This is especially important to me when roasted potatoes are served with a roast meal. Too many flavours can become overwhelming on a plate.
However, having said all that, there is clearly a time and a place for a gussied up roastie. I would usually take this route when I’m making a more pared back meal where the potatoes are taking a more central role.
The joy of this “recipe” or step by step guide is that is can also be a neutral base to add any additional flavours you like. And this basic recipe is vegan and free from pretty much all common allergens. Which makes it entirely flexible and we can concentrate on making perfectly golden and crunchy roast potatoes.
To Parboil or Not to Parboil?
There are two basic schools of thought when it comes to roast potatoes. There is the “throw potatoes into the oven from cold and cook them entirely in the oven” method. And then there is the “part boil the potatoes then throw them into the oven to get crispy” method.
I am a fan of the second method and that is what I have included in this step by step guide. You can get a tray of serviceable roast potatoes without boiling them. The parboiling method does take slightly longer. And it does involve slightly effort. But my god is it worth it! Instead of perfectly serviceable potatoes, you get super fluffy on the inside and gloriously crispy potatoes every time.
I will say that parboil is a word that I hate! Whats wrong with part boil?! But mostly the point in the context of this recipe is that we’re not really going to “part” boil them, we’re actually going to boil them until very very nearly cooked.
Heating the Tray & Oil
The other part of my technique is to heat the cooking tray and oil whilst the potatoes are parboiling. This gives the cooking a headstart. I use exactly the same technique when roasting Parsnips.
The other benefit of getting the oil smoking hot before adding the potatoes is that the potatoes will cook in the oil. Cold oil will simply be absorbed by the boiled spuds and that can make them greasy and less crispy.
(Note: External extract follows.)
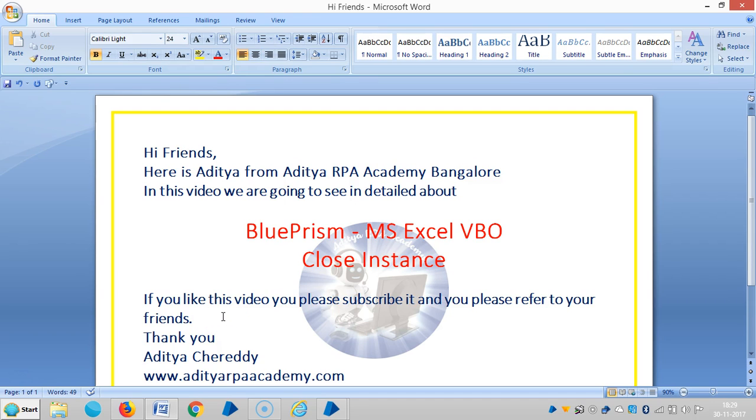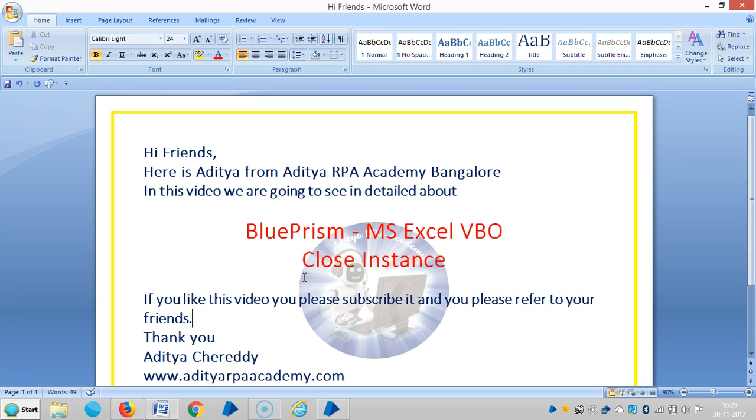Hi friends, here is Aditya from Aditya RPA Academy Bangalore. In the last video we have seen how to close the workbook, so in this video we are going to see how to close the instance, like an Excel instance, by using MS Excel VBO.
Make Roast Potatoes into a Feast
I truly believe that you can make any dish into a proper feast! Whether thats a feast for one after work on a Tuesday, a casual feast for four on a Friday evening or a feast for 12 for a special occasion!
Roast Potatoes are obviously a major element of a traditional British roast dinner.
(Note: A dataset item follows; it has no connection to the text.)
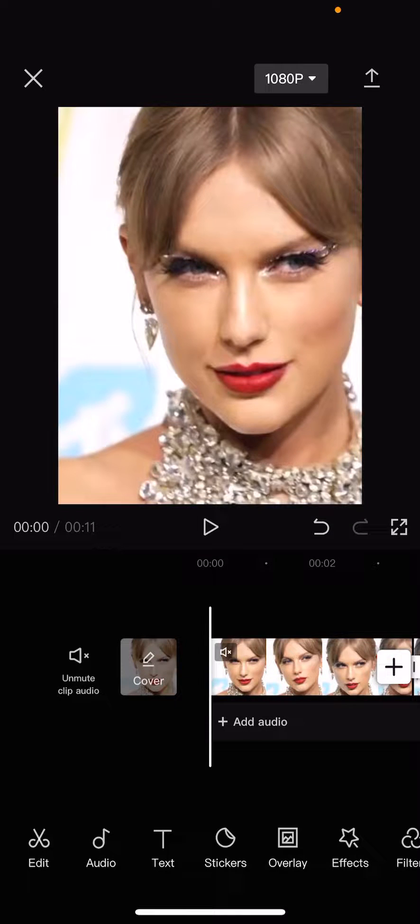Hey guys and welcome back to this channel. In this video I'll be showing you guys how you can copy a video on CapCut and move it down.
What else is included in that roast dinner also varies from household to household, cook to cook and region to region. And if you’re anything like me, one roast dinner to another!
The Roast Dinner
Traditionally a roast dinner will revolve around a joint of meat. This could be anything from a Sirloin of Beef or a shoulder of pork to a classic Roast Chicken or leg of lamb. There will be a gravy made from the meat juices and I include Yorkshire Puddings every single time.
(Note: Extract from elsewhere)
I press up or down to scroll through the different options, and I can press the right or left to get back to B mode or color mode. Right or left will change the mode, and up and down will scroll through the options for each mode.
Of course vegetarians tend to be less inclined to serve a joint of meat so some kind of nut roast or wellington is quite a common substitute.
Vegetables come next. I like to have at least one roasted vegetable like my favourite parsnips. I will sometimes go for Roasted Sweet Potatoes instead or follow exactly the same recipe with butternut squash. Carrots are another given in my house. I especially love the buttery sweet glaze of Vichy style Carrots.
And then something leafy and green is needed. Savoy cabbage is a particular favourite of mine. Simply boiled white cabbage or spring greens come a close second followed by sprouts or kale/cavelo nero.
And if you are really northern and British, you’re also going to need a slice of bread and butter to mop up any gravy left on the plate! Try it, its great!
Don’t forget to head over to my Feast Collection pages to find all of my tips and tricks to help you host a fun and stress-free feast. Plus remember to check out my recipe index to create your own awesome Feast!
Ingredients for Roasted Potatoes
Obviously the potato is vital to the dish. In my opinion it is essential to peel the potato before roasting. Skin on roasties are misshaped wedges and have a different flavour entirely.
It is also important to not keep a peeled potato out of water for any longer than possible. This is why as part of my step by step guide I tell you to peel the spuds and put them straight into cold water. And then chop them and put back into cold water.
As well as preventing the potatoes from discolouring, there is another reason for this. You will notice that when you drain the water away, it is cloudy. This is starch released by the potato. The less starch there is, the fluffier the potato will be. Which leads me to the big question…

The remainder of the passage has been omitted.